INSTRUCTIONS FOR THE TASK → No pictures, nothing altered: return the data below.

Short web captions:
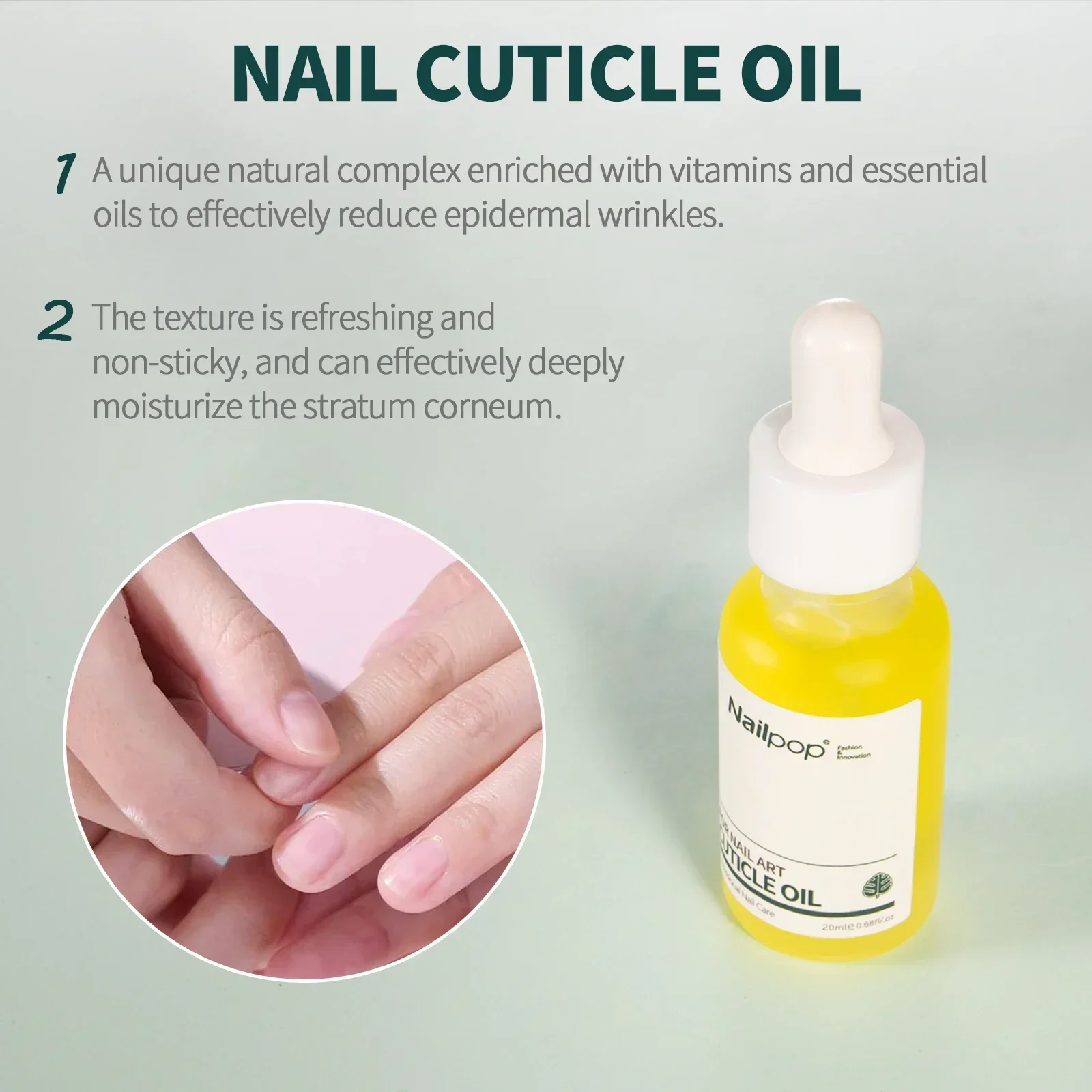 Nailpop Cuticle Oil and Softener for Nails 15ml Cuticle Remover Strengthener Nail Cuticle Protector Moisturize Manicure Kit 1pc thumbnail 3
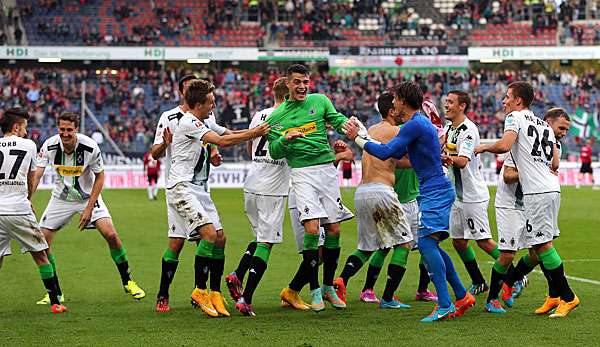 Party-Stimmung pur: Bei der Borussia läuft es derzeit richtig gut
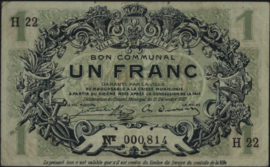 France - Emergency - Lille JPV-59.1636 1 Franc 1917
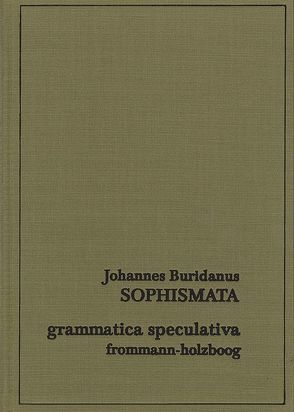 Sophismata von Buridanus,  Johannes, Scott,  T K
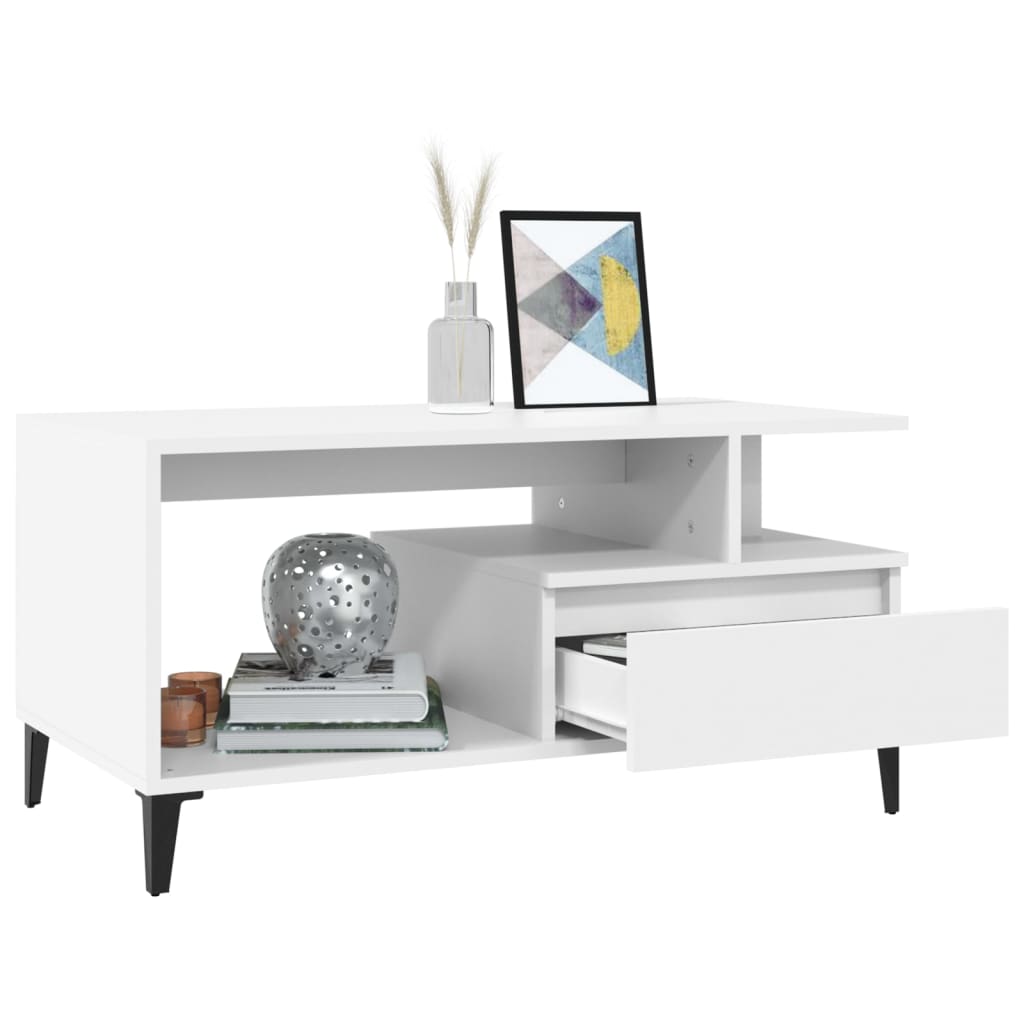 Salontafel 90X49X45 Cm Bewerkt Hout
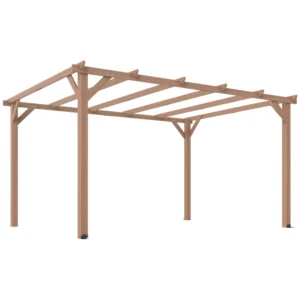 OutSunny 13' x10'  Timber Pergola Kit -  Maple Wood-Effect (Coming Soon)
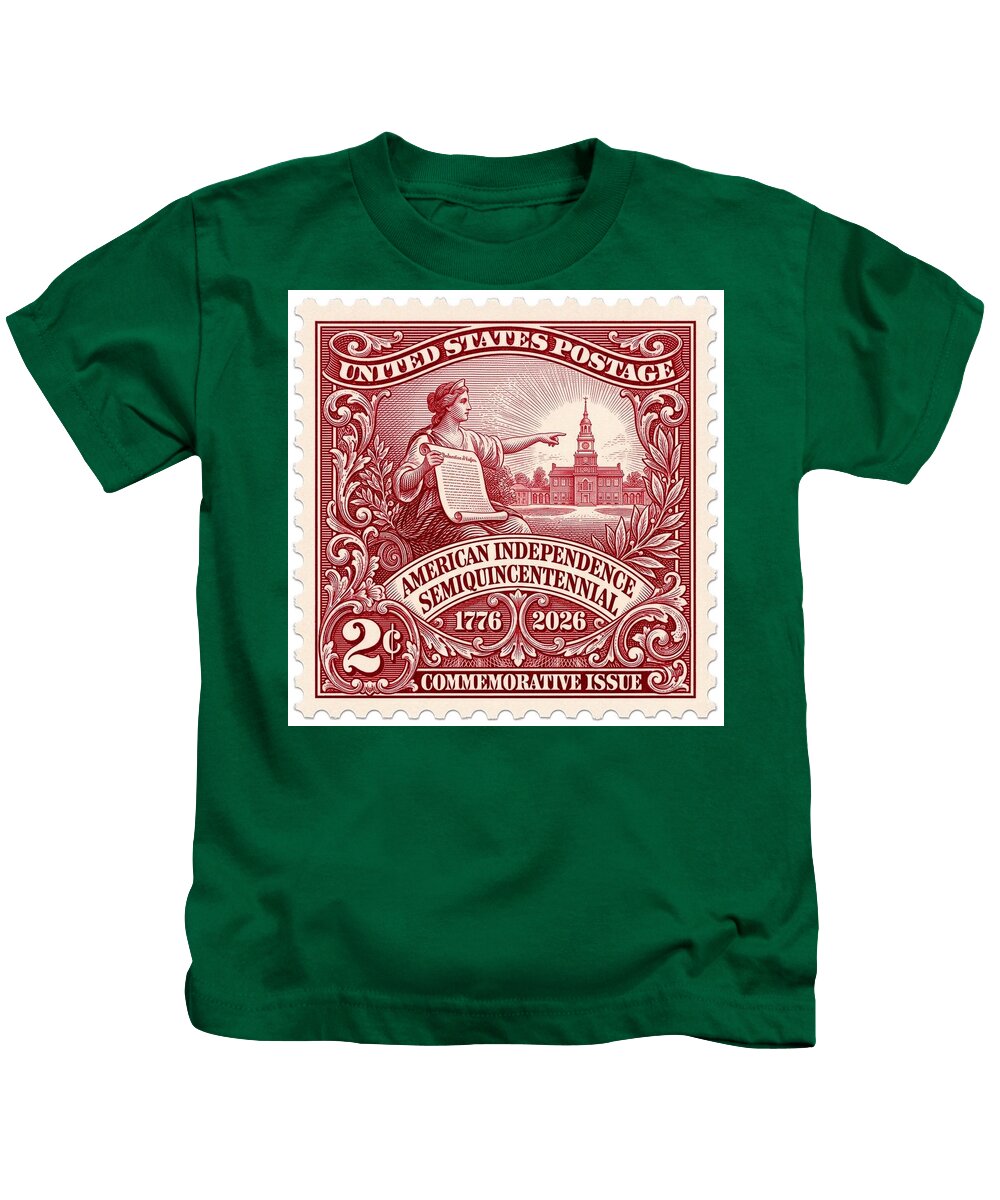 American Independence 2c - Kids T-Shirt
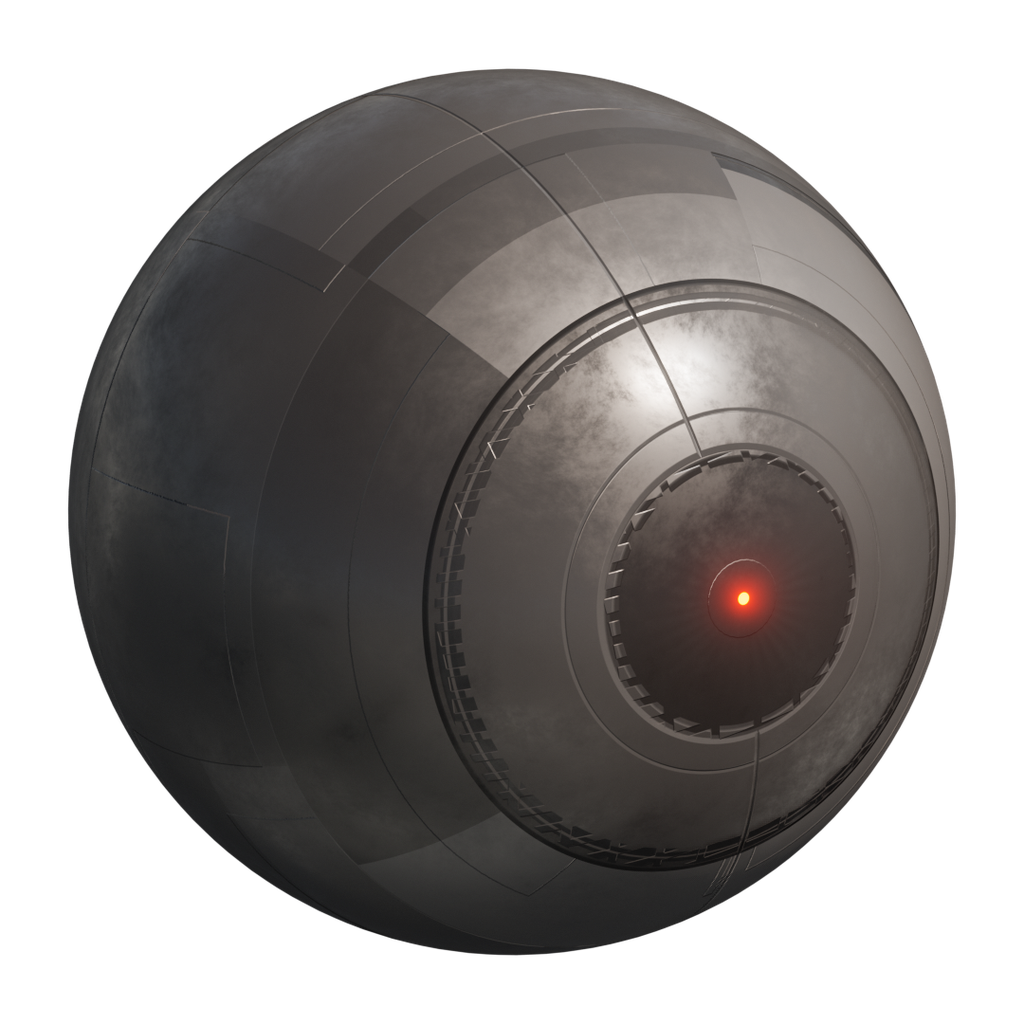 BlenderKit Download the FREE Procedural Scifi Metal Drone material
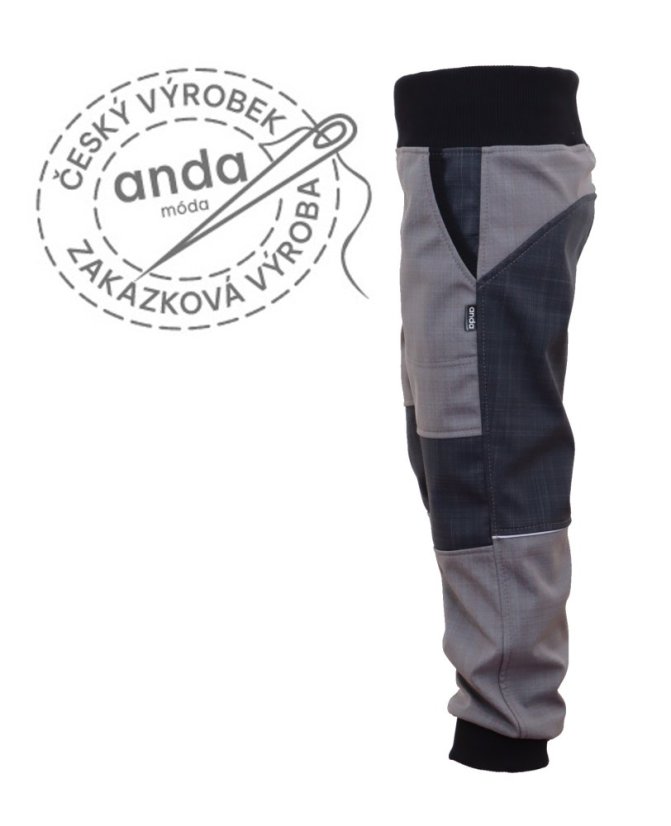 SOFTSHELLOVÉ KALHOTY S BAMBUSOVÝM ÚPLETEM (JARNÍ)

RESULT BELOW →
 Nailpop Cuticle Oil and Softener for Nails 15ml Cuticle Remover Strengthener Nail Cuticle Protector Moisturize Manicure Kit 1pc thumbnail 3
 Party-Stimmung pur: Bei der Borussia läuft es derzeit richtig gut
 France - Emergency - Lille JPV-59.1636 1 Franc 1917
 Sophismata von Buridanus,  Johannes, Scott,  T K
 Salontafel 90X49X45 Cm Bewerkt Hout
 OutSunny 13' x10'  Timber Pergola Kit -  Maple Wood-Effect (Coming Soon)
 American Independence 2c - Kids T-Shirt
 BlenderKit Download the FREE Procedural Scifi Metal Drone material
 SOFTSHELLOVÉ KALHOTY S BAMBUSOVÝM ÚPLETEM (JARNÍ)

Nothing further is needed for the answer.